In conclusion, administration of salbutamol via the routes and dosages recommended in equine medicine did not result in clinically significant benefits or adverse effects in anesthetized captive moose compared to placebo, regardless of the delivery method. All moose exhibited hypoxemia and hypercapnia, with two remaining acidotic throughout the procedure. Oxygen supplementation effectively improved oxygenation, with the highest P_a_O_2_ increase observed in the individual equipped with the IN tube. Further studies involving a larger sample size, higher salbutamol doses, alternative delivery methods or bronchodilators, or modified anesthetic protocols are recommended to assess the feasibility and efficacy of salbutamol administration during field anesthesia in moose.
Supplementary Information
Additional file 1. Short demonstrative video of the administration of salbutamol via the spacer. Oxygen is supplemented via a cannula inserted in the left nostril.
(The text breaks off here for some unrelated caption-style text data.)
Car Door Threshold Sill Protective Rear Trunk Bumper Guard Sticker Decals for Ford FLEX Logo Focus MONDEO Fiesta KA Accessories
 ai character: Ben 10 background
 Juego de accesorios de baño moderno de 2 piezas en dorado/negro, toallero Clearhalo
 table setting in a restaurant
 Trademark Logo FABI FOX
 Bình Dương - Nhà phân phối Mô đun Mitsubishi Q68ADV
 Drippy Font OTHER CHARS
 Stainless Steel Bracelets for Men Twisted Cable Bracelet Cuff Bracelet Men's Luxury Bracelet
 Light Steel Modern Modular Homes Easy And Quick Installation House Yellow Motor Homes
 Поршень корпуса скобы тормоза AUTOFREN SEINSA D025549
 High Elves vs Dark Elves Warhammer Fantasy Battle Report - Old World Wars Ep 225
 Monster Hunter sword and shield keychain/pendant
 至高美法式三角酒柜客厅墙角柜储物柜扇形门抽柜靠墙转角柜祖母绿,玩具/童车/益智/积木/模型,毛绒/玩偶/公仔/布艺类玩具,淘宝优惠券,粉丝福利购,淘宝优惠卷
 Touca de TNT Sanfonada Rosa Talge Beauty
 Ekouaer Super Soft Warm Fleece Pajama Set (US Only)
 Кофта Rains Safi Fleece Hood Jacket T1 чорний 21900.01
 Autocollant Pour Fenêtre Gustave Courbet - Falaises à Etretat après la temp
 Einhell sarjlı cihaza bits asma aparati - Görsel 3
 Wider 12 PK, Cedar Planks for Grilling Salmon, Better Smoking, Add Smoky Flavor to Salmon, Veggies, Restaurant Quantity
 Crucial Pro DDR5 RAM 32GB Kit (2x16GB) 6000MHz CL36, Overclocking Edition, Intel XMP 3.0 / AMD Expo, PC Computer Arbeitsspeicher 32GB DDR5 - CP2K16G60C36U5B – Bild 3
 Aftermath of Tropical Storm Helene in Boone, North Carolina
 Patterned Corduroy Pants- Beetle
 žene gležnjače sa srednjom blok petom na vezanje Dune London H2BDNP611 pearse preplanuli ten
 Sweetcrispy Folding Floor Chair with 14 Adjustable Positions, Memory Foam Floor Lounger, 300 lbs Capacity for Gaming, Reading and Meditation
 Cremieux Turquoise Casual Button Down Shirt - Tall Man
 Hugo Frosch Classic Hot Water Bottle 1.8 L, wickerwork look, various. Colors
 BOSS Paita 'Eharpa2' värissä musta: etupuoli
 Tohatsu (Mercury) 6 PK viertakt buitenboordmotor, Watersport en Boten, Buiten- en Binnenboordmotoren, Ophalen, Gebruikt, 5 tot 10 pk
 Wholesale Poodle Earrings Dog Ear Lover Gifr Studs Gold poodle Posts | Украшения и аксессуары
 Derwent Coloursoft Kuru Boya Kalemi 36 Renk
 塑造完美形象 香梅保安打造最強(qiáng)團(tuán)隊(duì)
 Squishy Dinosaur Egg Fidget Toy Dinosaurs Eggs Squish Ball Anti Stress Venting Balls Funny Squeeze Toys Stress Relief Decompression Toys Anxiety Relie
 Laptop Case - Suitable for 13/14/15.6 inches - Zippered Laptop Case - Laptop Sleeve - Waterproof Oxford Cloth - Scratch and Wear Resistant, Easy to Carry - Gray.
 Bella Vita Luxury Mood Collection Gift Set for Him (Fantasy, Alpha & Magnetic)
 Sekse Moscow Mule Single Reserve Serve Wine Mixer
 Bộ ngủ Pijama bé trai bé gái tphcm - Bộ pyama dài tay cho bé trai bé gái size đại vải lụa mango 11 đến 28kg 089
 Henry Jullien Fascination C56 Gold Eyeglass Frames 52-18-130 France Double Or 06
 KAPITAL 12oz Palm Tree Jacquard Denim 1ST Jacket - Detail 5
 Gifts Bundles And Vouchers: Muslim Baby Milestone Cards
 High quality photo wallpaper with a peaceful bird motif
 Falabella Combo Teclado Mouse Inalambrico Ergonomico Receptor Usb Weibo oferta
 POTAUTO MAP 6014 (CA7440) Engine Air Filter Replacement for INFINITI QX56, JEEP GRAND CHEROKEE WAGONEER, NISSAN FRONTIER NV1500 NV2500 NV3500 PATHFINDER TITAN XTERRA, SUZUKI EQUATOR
Additional file 2. Short demonstrative video of the administration of salbutamol via the IN tube. Oxygen is supplemented via a cannula inserted in the left nostril.
Additional file 3. Short demonstrative video of the administration of salbutamol via the mask. Oxygen is supplemented via a cannula inserted in the left nostril.
Additional file 4. Detailed spreadsheets with times, drug doses, physiological variables, and arterial blood results of the four moose anesthetized during the clinical trial.